Your goal » Please restate all of the records word for word, setting the pictures aside.

Records for the task »
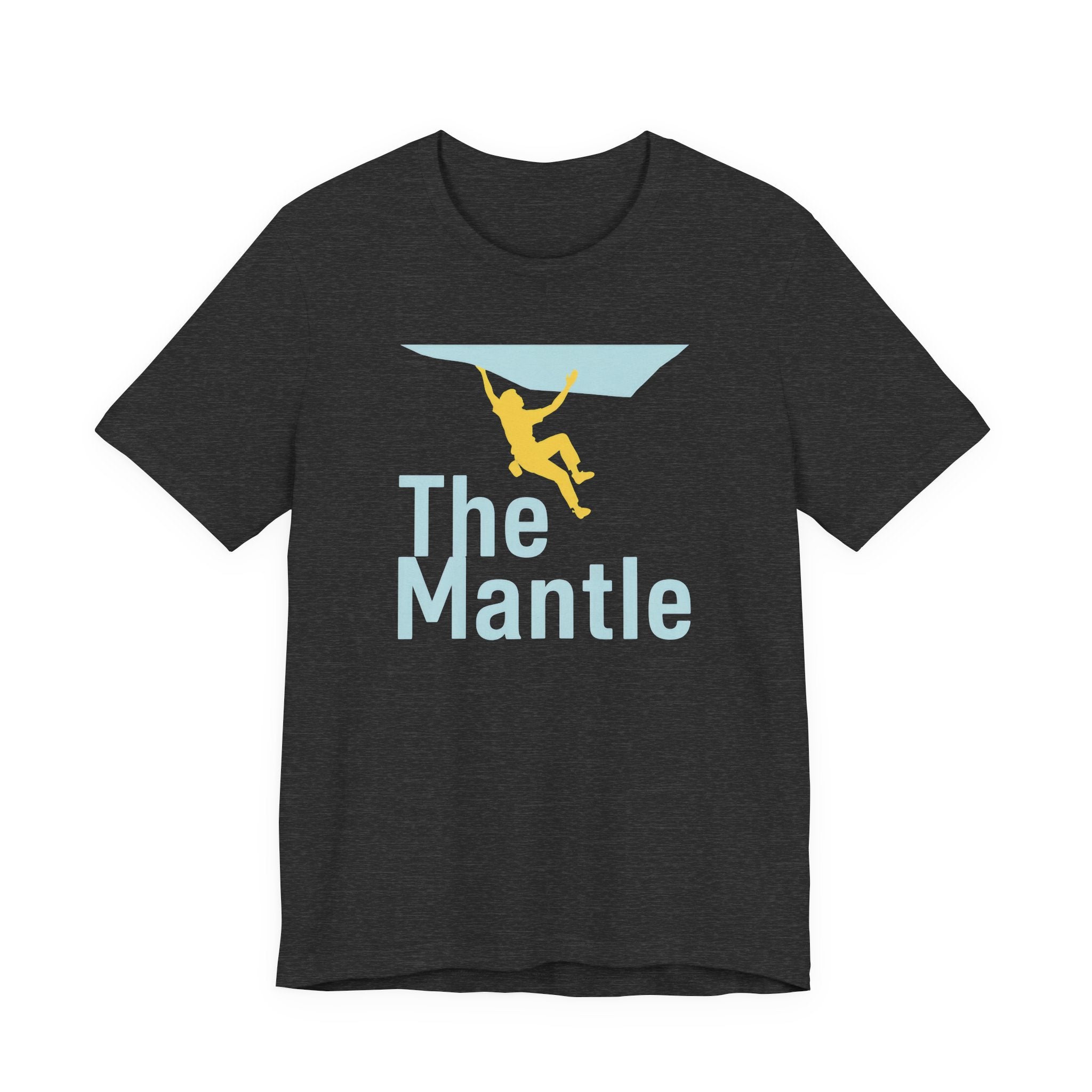 Dark gray t-shirt with 'The Mantle' graphic design on a white background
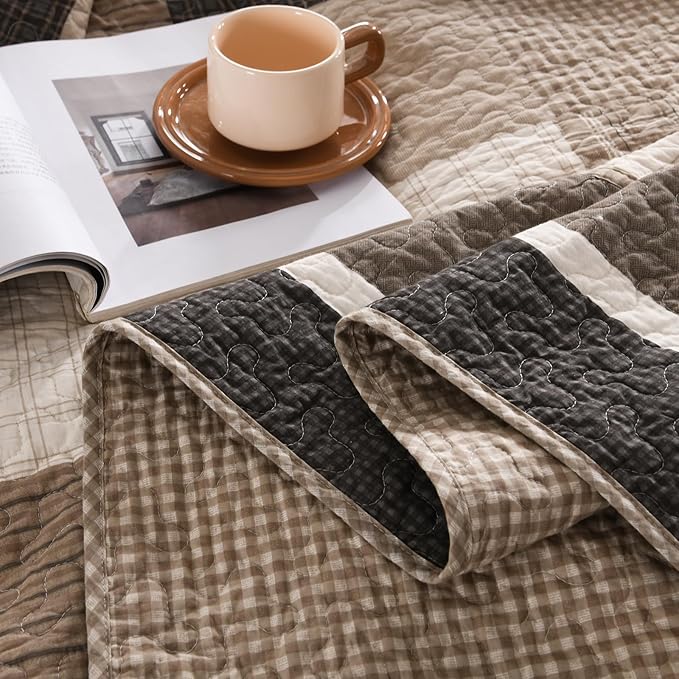 EWlinens 100% Cotton 120"x102" Oversized Queen Bedspread - Reversible Patchwork Plaid Extra Large Quilt Bedding Set, Queen Bedspreads Coverlet Set, Lightweight Cozy Luxurious Quilts, 3pcs, Brown/Beige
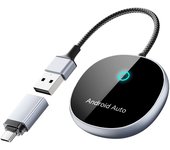 Adaptador CarPlay inalámbrico para automóvil, convierta CarPlay con cable a inalámbrico, Carplay+Auto 2 en 1, adaptador inalámbrico Plug and Play Car Play, compatible con iPhone Conexión perfecta multiusuario (negro)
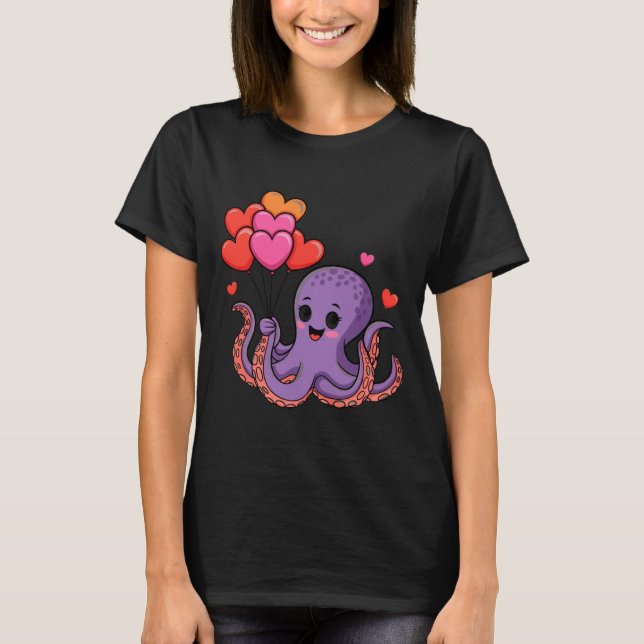 Camiseta Octopus With Heart Lloons Valentine Day  (Frente)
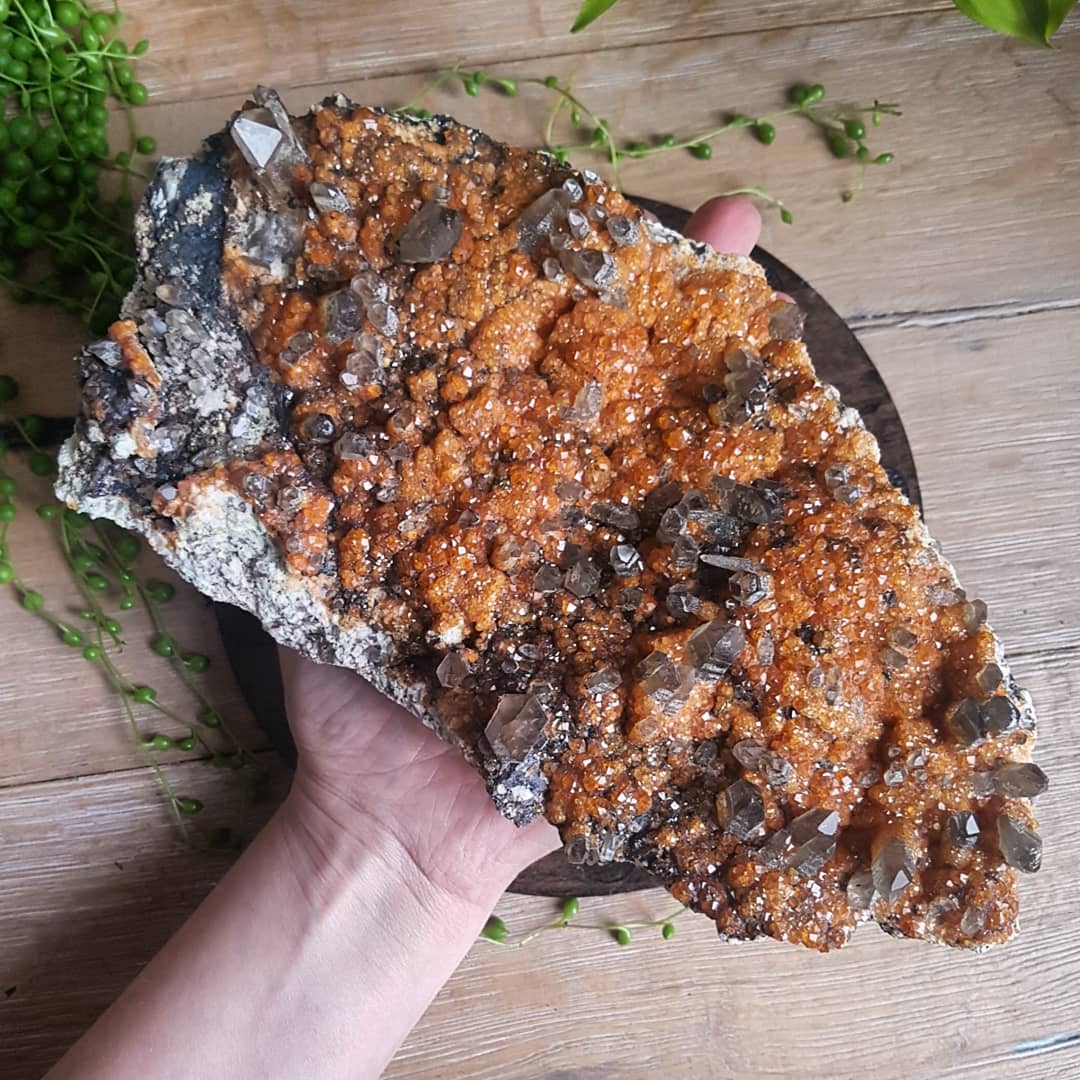 Spessartine Garnet and Smokey Quartz Plate XL - Raw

Output »
 Dark gray t-shirt with 'The Mantle' graphic design on a white background
 EWlinens 100% Cotton 120"x102" Oversized Queen Bedspread - Reversible Patchwork Plaid Extra Large Quilt Bedding Set, Queen Bedspreads Coverlet Set, Lightweight Cozy Luxurious Quilts, 3pcs, Brown/Beige
 Adaptador CarPlay inalámbrico para automóvil, convierta CarPlay con cable a inalámbrico, Carplay+Auto 2 en 1, adaptador inalámbrico Plug and Play Car Play, compatible con iPhone Conexión perfecta multiusuario (negro)
 Camiseta Octopus With Heart Lloons Valentine Day  (Frente)
 Spessartine Garnet and Smokey Quartz Plate XL - Raw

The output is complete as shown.